# Visual Studio 6.0 Enterprise Installation Issue



## psych0naut (Jan 15, 2002)

When attempting to install Visual Studio 6.0 Enterprise on an HP Vectra VLi8 running Windows 2000 Professional I received the following error:

"Failed to register C:\Program Files\Common Files\designer\MSADDNDR.DLL"
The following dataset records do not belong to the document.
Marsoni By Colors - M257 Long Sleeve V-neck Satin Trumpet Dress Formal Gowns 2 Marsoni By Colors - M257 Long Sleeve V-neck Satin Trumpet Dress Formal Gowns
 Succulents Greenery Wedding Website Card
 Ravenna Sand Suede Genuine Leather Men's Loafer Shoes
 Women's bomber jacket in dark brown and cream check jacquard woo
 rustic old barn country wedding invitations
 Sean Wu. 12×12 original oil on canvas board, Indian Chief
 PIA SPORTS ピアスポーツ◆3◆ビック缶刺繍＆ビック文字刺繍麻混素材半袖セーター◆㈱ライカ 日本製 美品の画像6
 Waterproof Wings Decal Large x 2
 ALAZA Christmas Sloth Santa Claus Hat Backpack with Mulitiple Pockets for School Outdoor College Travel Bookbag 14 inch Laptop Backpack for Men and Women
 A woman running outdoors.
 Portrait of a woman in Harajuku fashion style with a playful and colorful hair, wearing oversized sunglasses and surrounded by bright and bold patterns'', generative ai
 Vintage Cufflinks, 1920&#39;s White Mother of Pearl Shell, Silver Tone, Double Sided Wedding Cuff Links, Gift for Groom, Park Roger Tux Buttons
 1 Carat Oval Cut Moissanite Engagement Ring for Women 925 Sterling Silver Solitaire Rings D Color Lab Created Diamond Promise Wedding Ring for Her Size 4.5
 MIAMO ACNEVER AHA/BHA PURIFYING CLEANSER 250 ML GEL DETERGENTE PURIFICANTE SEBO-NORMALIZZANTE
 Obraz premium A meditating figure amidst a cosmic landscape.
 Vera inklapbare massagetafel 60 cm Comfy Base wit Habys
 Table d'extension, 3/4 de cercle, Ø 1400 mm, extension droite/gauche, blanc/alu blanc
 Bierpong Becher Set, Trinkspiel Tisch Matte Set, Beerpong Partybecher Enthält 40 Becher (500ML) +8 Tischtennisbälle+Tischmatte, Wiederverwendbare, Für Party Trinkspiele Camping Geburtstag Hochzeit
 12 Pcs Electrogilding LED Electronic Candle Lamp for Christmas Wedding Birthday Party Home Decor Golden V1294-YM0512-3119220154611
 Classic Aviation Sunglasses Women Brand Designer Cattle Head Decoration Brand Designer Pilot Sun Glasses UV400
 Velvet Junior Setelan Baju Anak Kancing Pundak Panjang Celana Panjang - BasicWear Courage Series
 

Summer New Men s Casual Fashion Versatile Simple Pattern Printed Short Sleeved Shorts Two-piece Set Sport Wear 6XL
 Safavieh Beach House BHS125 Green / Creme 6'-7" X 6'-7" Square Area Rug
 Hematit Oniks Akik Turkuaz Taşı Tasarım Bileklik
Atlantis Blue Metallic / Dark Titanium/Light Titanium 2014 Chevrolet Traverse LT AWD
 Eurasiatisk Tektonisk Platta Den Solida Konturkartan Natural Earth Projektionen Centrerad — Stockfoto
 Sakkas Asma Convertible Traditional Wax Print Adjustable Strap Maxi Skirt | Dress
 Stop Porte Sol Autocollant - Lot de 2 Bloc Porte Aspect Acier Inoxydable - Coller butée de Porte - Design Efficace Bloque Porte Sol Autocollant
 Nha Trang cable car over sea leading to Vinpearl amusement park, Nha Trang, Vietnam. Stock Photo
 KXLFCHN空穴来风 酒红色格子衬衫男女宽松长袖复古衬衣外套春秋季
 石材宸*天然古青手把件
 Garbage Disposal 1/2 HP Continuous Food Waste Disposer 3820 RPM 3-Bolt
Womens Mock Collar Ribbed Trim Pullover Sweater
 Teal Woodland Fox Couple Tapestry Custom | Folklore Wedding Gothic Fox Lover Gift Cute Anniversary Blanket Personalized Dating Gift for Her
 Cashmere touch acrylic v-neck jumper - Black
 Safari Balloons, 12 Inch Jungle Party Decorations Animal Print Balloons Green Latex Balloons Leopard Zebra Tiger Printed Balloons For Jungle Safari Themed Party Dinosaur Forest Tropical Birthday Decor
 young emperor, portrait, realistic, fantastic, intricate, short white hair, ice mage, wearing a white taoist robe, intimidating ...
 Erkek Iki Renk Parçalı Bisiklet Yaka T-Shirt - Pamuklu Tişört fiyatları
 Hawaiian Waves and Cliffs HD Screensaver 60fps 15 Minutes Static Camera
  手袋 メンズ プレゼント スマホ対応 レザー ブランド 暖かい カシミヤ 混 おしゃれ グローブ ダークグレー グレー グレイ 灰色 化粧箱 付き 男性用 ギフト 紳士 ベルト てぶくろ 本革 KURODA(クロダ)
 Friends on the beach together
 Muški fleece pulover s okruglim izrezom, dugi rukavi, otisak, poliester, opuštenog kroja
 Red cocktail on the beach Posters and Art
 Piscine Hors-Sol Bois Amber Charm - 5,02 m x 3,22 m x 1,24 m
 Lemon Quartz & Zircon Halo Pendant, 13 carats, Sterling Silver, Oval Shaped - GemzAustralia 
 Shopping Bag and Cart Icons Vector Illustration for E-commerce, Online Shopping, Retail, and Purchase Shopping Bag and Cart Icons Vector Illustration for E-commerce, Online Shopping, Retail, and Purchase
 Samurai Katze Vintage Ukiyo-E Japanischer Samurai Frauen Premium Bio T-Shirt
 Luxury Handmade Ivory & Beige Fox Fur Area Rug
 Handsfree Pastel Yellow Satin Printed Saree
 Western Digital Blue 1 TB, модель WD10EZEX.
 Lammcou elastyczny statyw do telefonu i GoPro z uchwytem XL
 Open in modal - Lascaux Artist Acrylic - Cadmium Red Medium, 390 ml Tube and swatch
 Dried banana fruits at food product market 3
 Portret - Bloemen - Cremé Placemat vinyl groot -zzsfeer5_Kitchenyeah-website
Any idea what's going on here and how I can resolve it so I can install the program successfully? Thanks in advance for any help!


----------



## IMM (Feb 1, 2002)

I guess you could always try "REGSVR32 &lt;path&gt;MSADDNDR.DLL" but I'm interested in knowing if office 2000 or greater is installed (and has a more recent version of it somewhere) and maybe more importantly whether you are going to put VS6 SP5 on this (recommended).


----------



## psych0naut (Jan 15, 2002)

Office 2002 is installed. I did a search for that file and renamed it to xxx.123 from xxx.dll. I also found a solution on Microsoft's Support site that involved changing the permissions with reg32 as you suggested. Carried it out as suggested and it still failed to registed. The Microsoft article suggests it could be a conflict with Crystal Reports (which is installed on this box). I'm thinking of uninstalling it, Installing Visual Studio 6, and *then* reinstalling Crystal Reports. Whaddya think?


----------



## IMM (Feb 1, 2002)

Are these the ones you found?
http://support.microsoft.com/default.aspx?scid=kb;EN-US;q270717

http://support.crystaldecisions.com/library/kbase/articles/c2007581.asp
and
http://support.microsoft.com/default.aspx?scid=kb;en-us;Q259569


----------



## psych0naut (Jan 15, 2002)

I finally resolved the issue by applying the patches found on the crystaldecisions website. Thx for your help everyone!


----------